From the line containing "3 Bedroom Property" to the end of the records below, both included, every line should be repeated exactly; pictures should be dropped.

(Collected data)
● ● ● ●

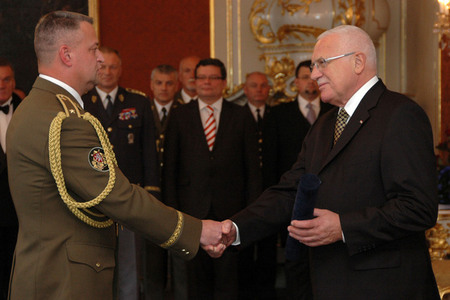 Vaclav Klaus congratulates to Major General Miroslav Zizka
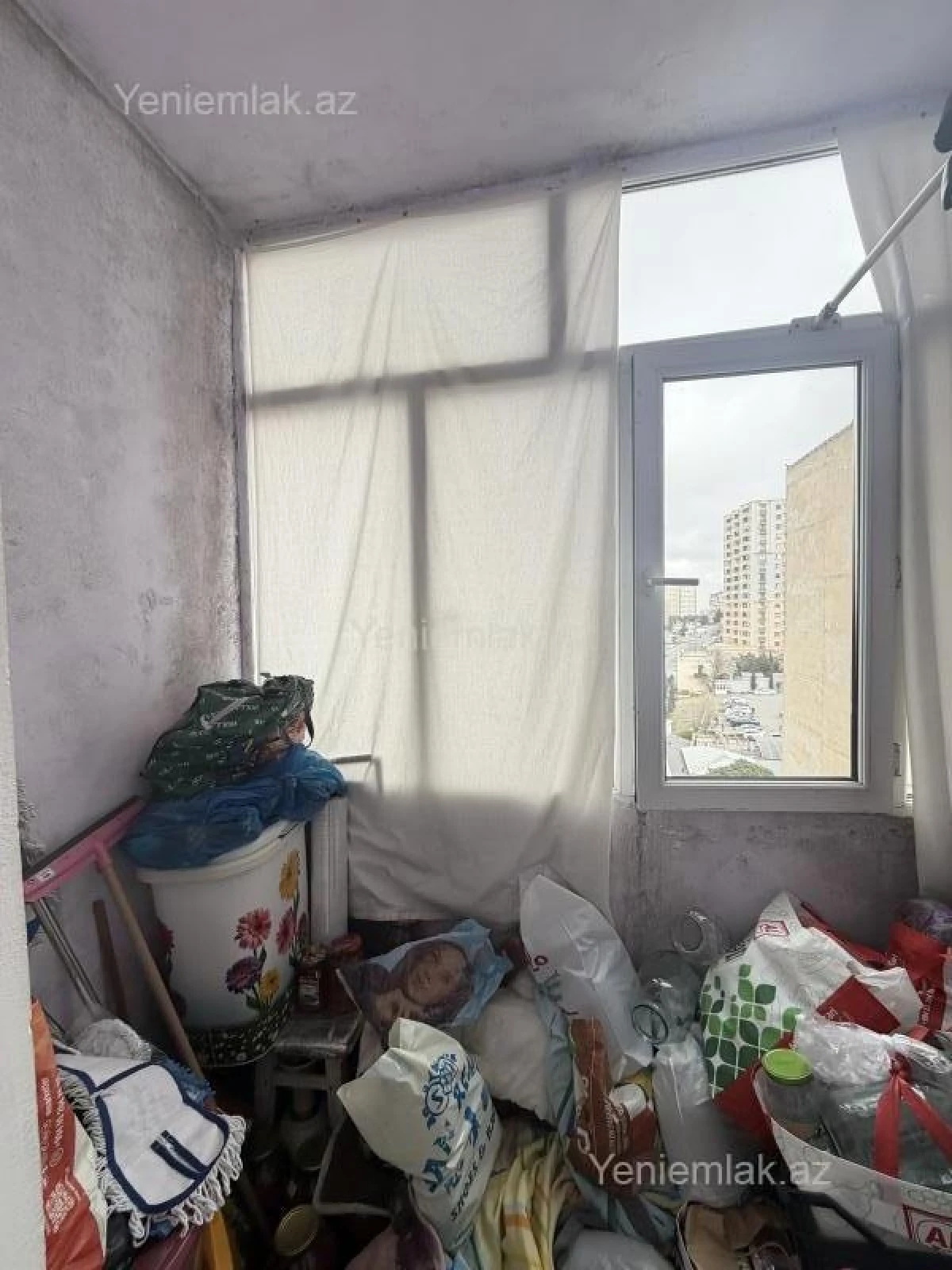 Satılır 2 otaqlı köhnə tikili 62 m²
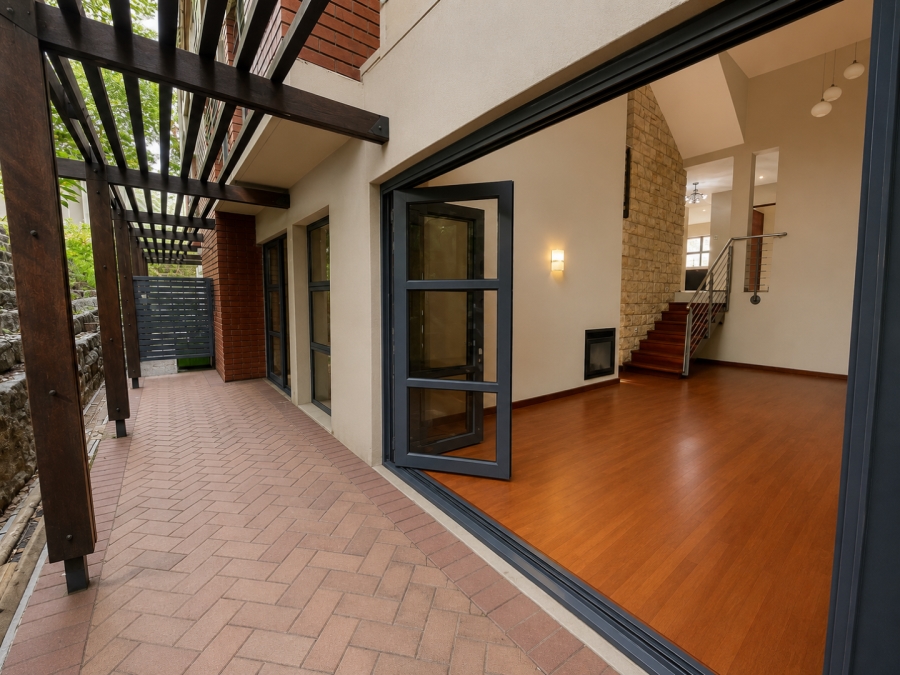3 Bedroom Property for Sale in Hyde Park Gauteng
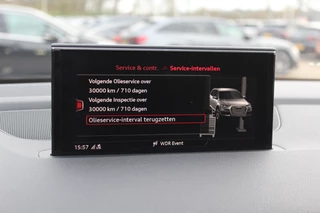Audi SQ7 Audi SQ7 4.0 TDI quattro GRIJS KENTEKEN / Trekhaak / Panoramadak / 360Camera / Head-up / 23'' / Luchtvering / Keyless / Bose / Dodehoek / DAB / Apple CarPlay / Nachtzicht / Matrix LED / ACC / Stoelverwarming - afbeelding nr 32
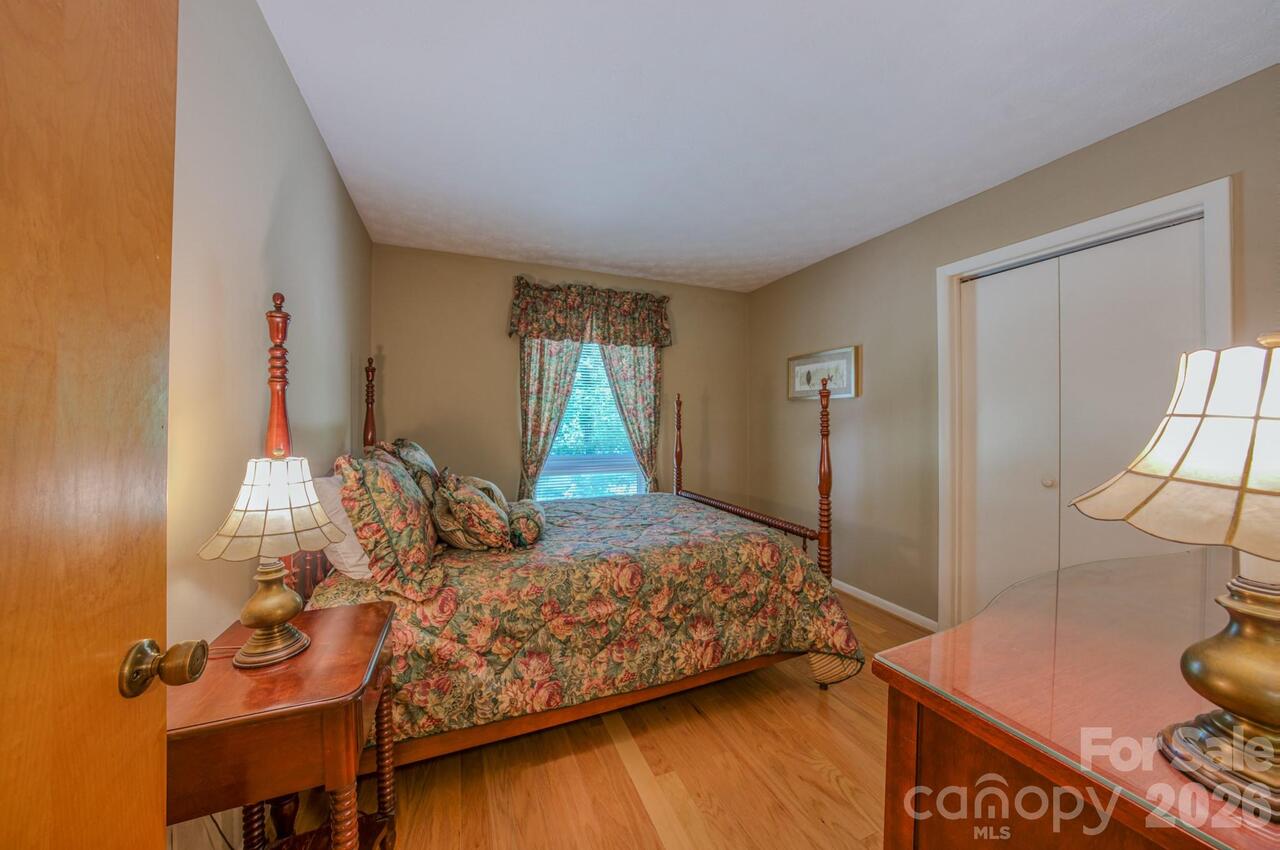 Listing Photo 20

● ● ● ●

■ Answer space
3 Bedroom Property for Sale in Hyde Park Gauteng
Audi SQ7 Audi SQ7 4.0 TDI quattro GRIJS KENTEKEN / Trekhaak / Panoramadak / 360Camera / Head-up / 23'' / Luchtvering / Keyless / Bose / Dodehoek / DAB / Apple CarPlay / Nachtzicht / Matrix LED / ACC / Stoelverwarming - afbeelding nr 32
 Listing Photo 20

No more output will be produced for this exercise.